Competition Commission rules on wholesale line costs from BT
BT has had its attempts to allow the costs of lowering its pension deficit to be included in the Ofcom price regulation calculations rejected by the Competition Commission. Ofcom has been working to a formula that is seeing the cost of WLR, SMPF and MPF rentals decrease year on year, with the BT Group challenging the calculations as no account was made of the Groups desire to decrease its pension deficit.
The pension deficit currently sits at around £3bn, after significant reductions in 2008-2009 when the deficit stood at £9bn.
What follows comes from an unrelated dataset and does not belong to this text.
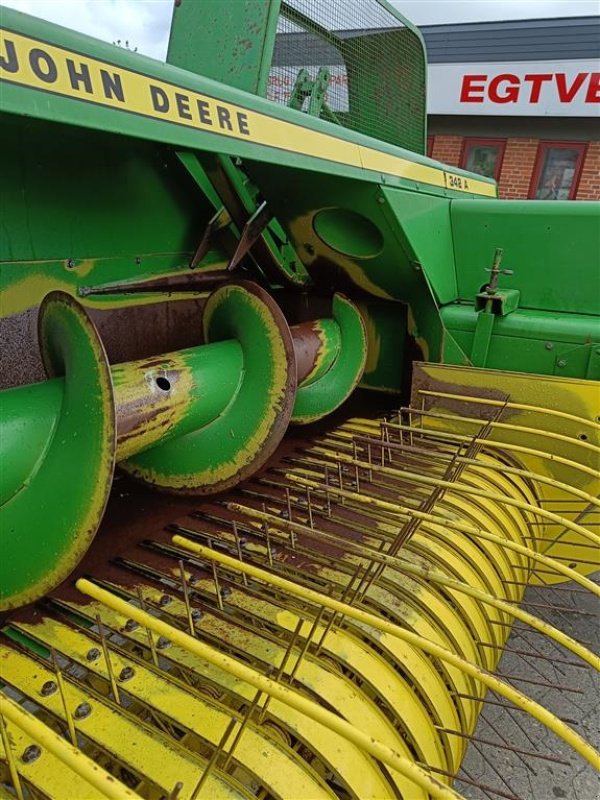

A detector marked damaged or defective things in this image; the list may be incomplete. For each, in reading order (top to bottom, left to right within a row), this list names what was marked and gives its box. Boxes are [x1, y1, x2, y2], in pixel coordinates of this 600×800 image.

rusty auger wheel [0, 282, 368, 608]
The large deficit arising from the collapse in pension fund performance, and the downsizing of the workforce putting pressure on the fund as has been the case with many other large firms.
Earlier in 2012, there was a round of price reductions at the wholesale level, and while Ofcom claimed savings for consumers, a good few providers are increasing line rental due to other cost pressures, including the simple fact that more people are switching to unlimited calls packages.
One negative aspect of the pressure from Ofcom on BT and in particular Openreach to decrease the monthly line rental fees, is that any other work like repair visits are under pressure to generate some revenue reflected in the rise of people charged for visits, or faults not being investigated until a total failure of the broadband and voice service.
How the UK approaches regulation is difficult, on the one hand BT is the only local loop presence in great swathes of the country, with competitors looking to exploit this copper loop for minimum investment. The other aspect is that regulation needs to be encouraging altnet's that will reduce the dominance of the BT Group in the 52% of the UK where Virgin Media is not present.